DD: An excellent idea. "Success at what?" should be part of the 
mission statement. How to allocate your scarce resources, time, and 
perhaps money, is an economic question. Needs to be addressed. Some 
say do it so that the ones who do really well on the subject material 
prosper, some say cut out those at the ends and aim for the middle. 
{Those at the top will get it anyway, and the ones at the bottom 
won't ever.} That should be in the mission statement, too. 
Economically, you go for the place where marginal investment and 
marginal costs equate, given the budget restraint.

>This is especially true of teaching writing, which isn't just a 
>content area that can be lectured to them. I also think I have an 
>obligation as a citizen to care deeply about what is happening in 
>our inner cities. (The people running our cities are us, insofar as 
>we have a democracy.)

DD: Why me, Oh Lord? I live on a farm in rural land. [Rural middle of 
the muddle of Middle Tennessee.] I don't vote in or pay taxes in the 
City. I don't run the cities at all. Don't vote for their 
politicians, either. Do send tax money, though. Have no voice in how 
it is spent.

>I'm not a big fan of no child left behind, but I do think our 
>schools should be accountable, and I think teachers fall too easily 
>into a pattern of blaming parents, neighborhoods, the media, and so 
>on, and not their own teaching.

DD: So true. But the schools seem to have no clearly assigned 
missions. Who is to blame? All of the above.

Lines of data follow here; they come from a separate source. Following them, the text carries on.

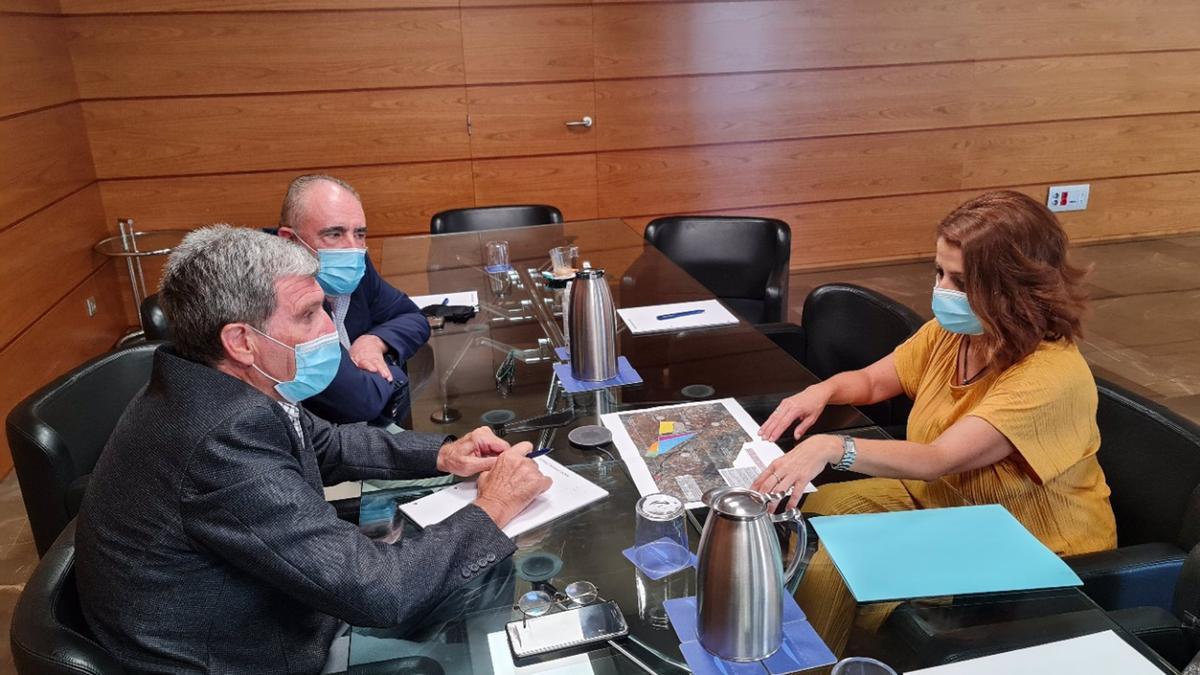 Reunión de la alcaldesa de Teruel, Emma Buj, con del presidente de la Autoridad Portuaria de Valencia, Aurelio Martínez.
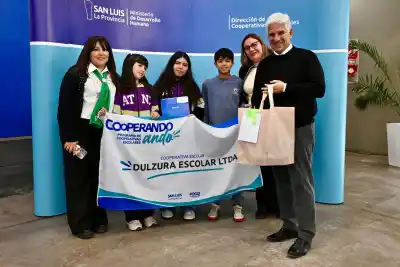 Poggi entregó aportes a 32 cooperativas escolares y anunció un cambio histórico para los docentes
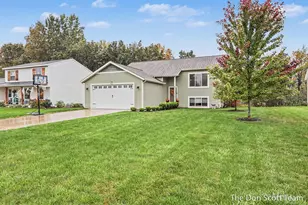 11851 Deerfield Dr, Ravenna, MI 49451 - Photo 3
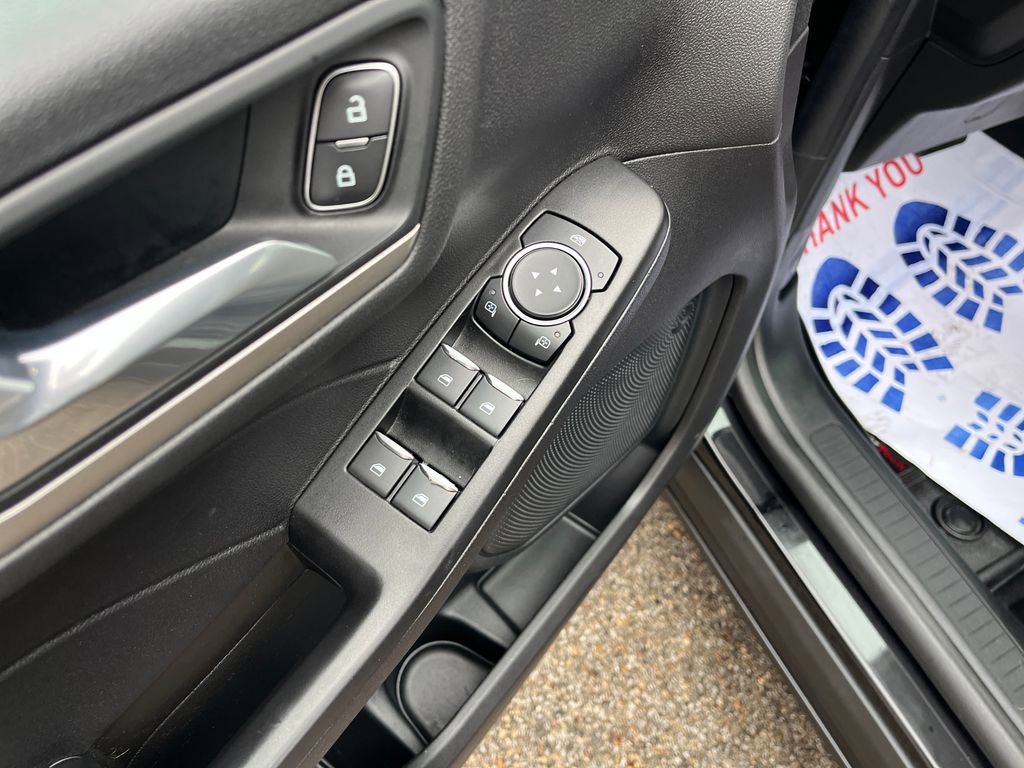 Used 2021 Ford Escape SE w/ SE Sport Appearance Package image 13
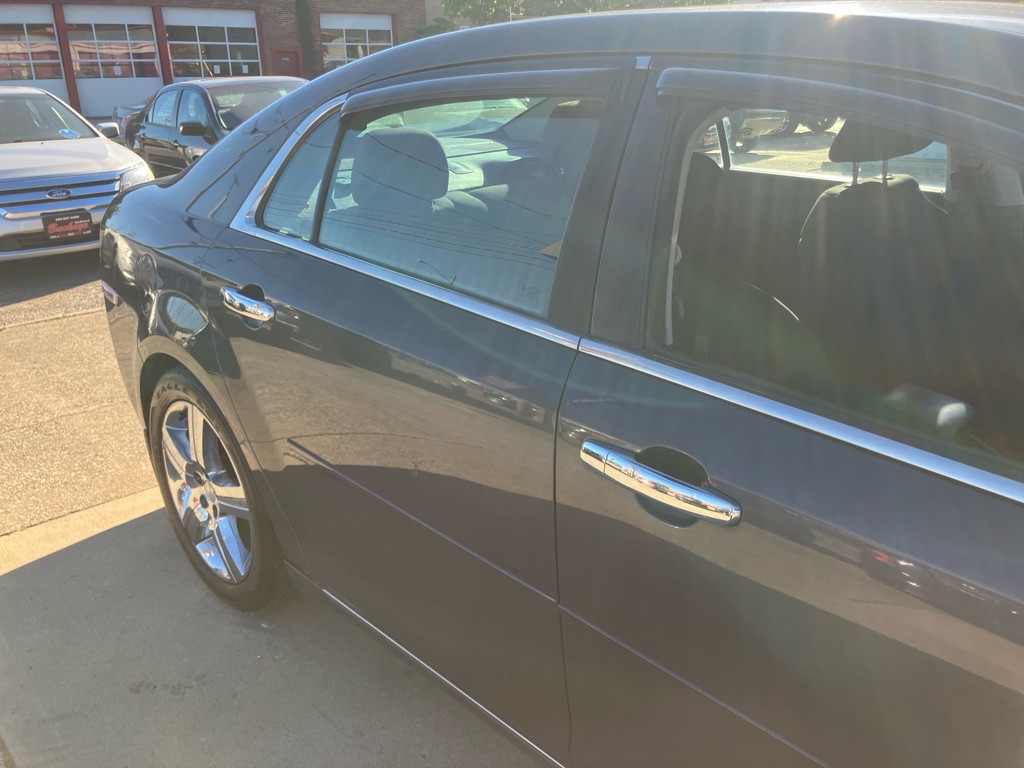 2012 Chevrolet Malibu Image 10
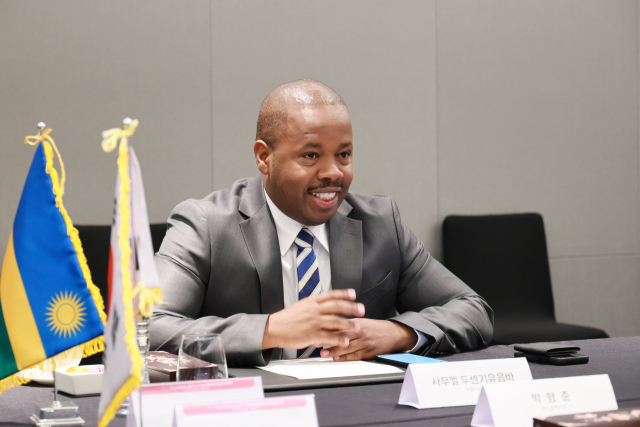 지난 10월 27일 부산 해운대 그랜드조선호텔에서 열린 ‘2025 부산글로벌도시포럼(Busan Global City Forum 2025)’에 참석한 사무엘 두센기유음바 르완다 키갈리市 시장. 부산시 제공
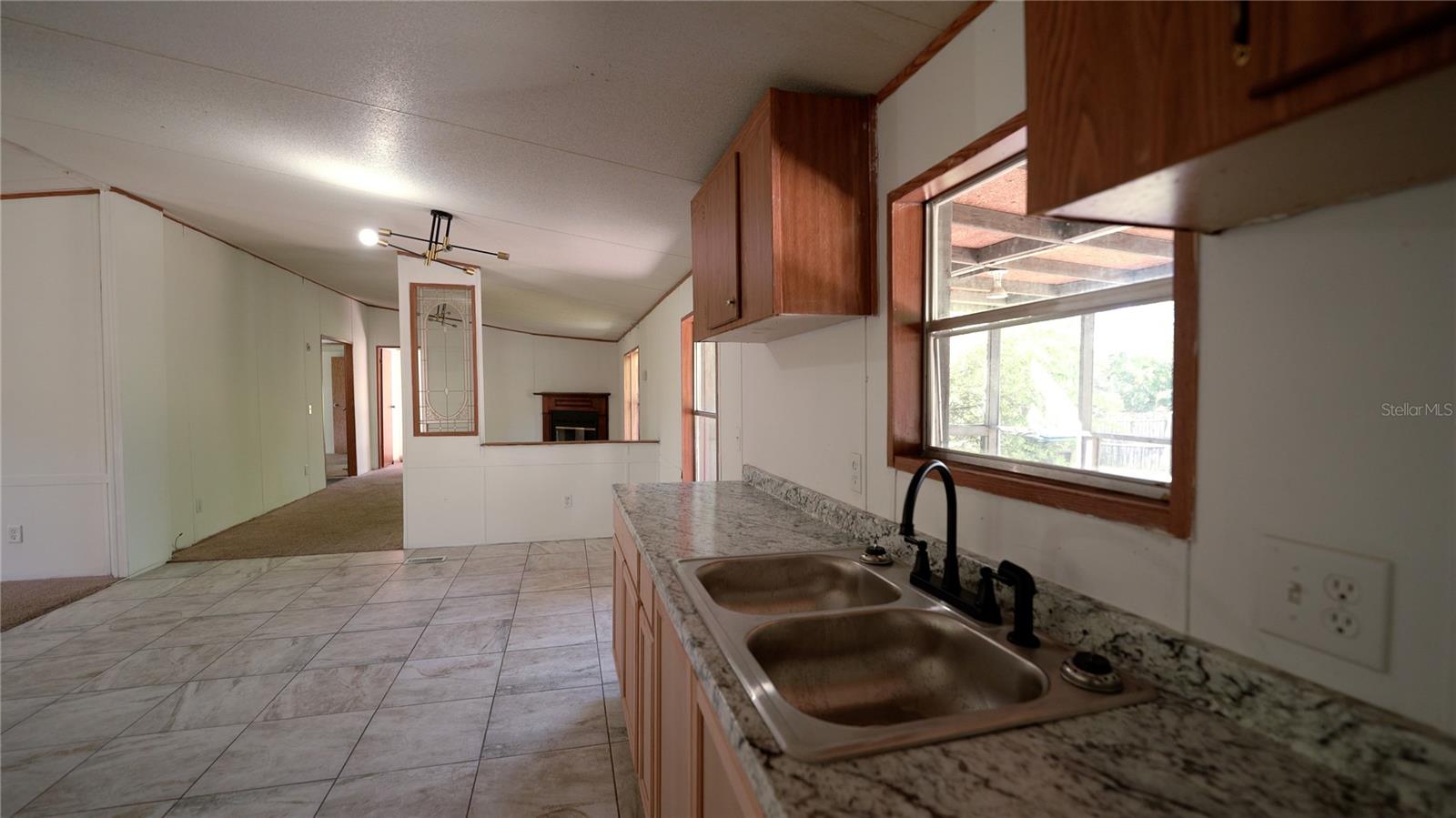 EAST ORLANDO UNREC - Residential Lease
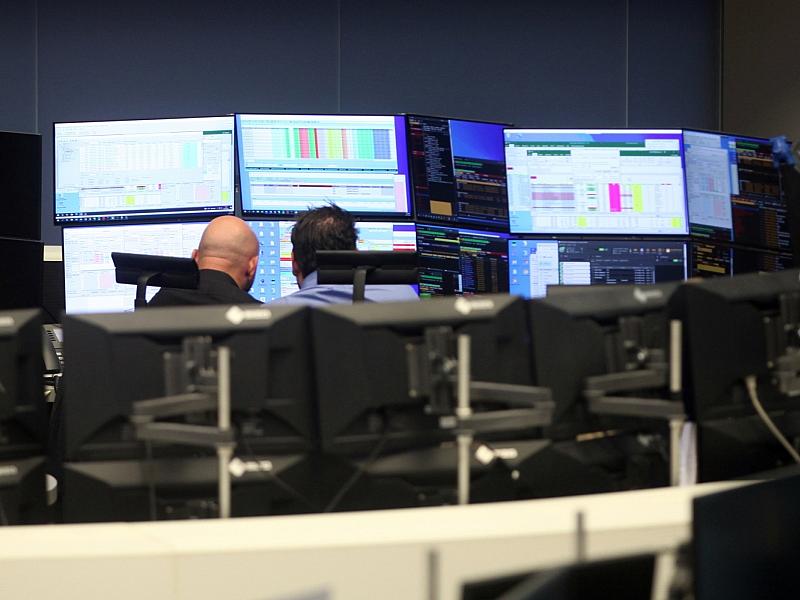 Dax legt zu - Handel bleibt nervös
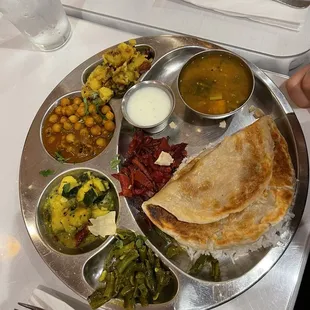 16. Veg -Thali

>   What I worry about with tests like the SAT is that people think 
> they measure capabilities rather than a rather narrowly defined 
> current ability. My experience has been that they underestimate the 
> abilities of many students.

DD: And overestimate, too. Test validity it is called.

>   I don't think you meant the analogy to go that far, but my 
> students are not Forest Gumps in any way, shape, or form. If they 
> want to be doctors, they have to pass the same chemistry courses as 
> other students. To an extent unpredicted by their admissions 
> profiles, they are doing just that.

DD: I rather doubt that. Either you are getting a vastly superior 
group, or they have dumbed down the requirement to fit the class. 
Still, you did specify "their admissions profiles." I would gather 
that they are not reliable, and hence lose on validity, in the 
statistical sense. Now how well does the SAT predict? R of .85?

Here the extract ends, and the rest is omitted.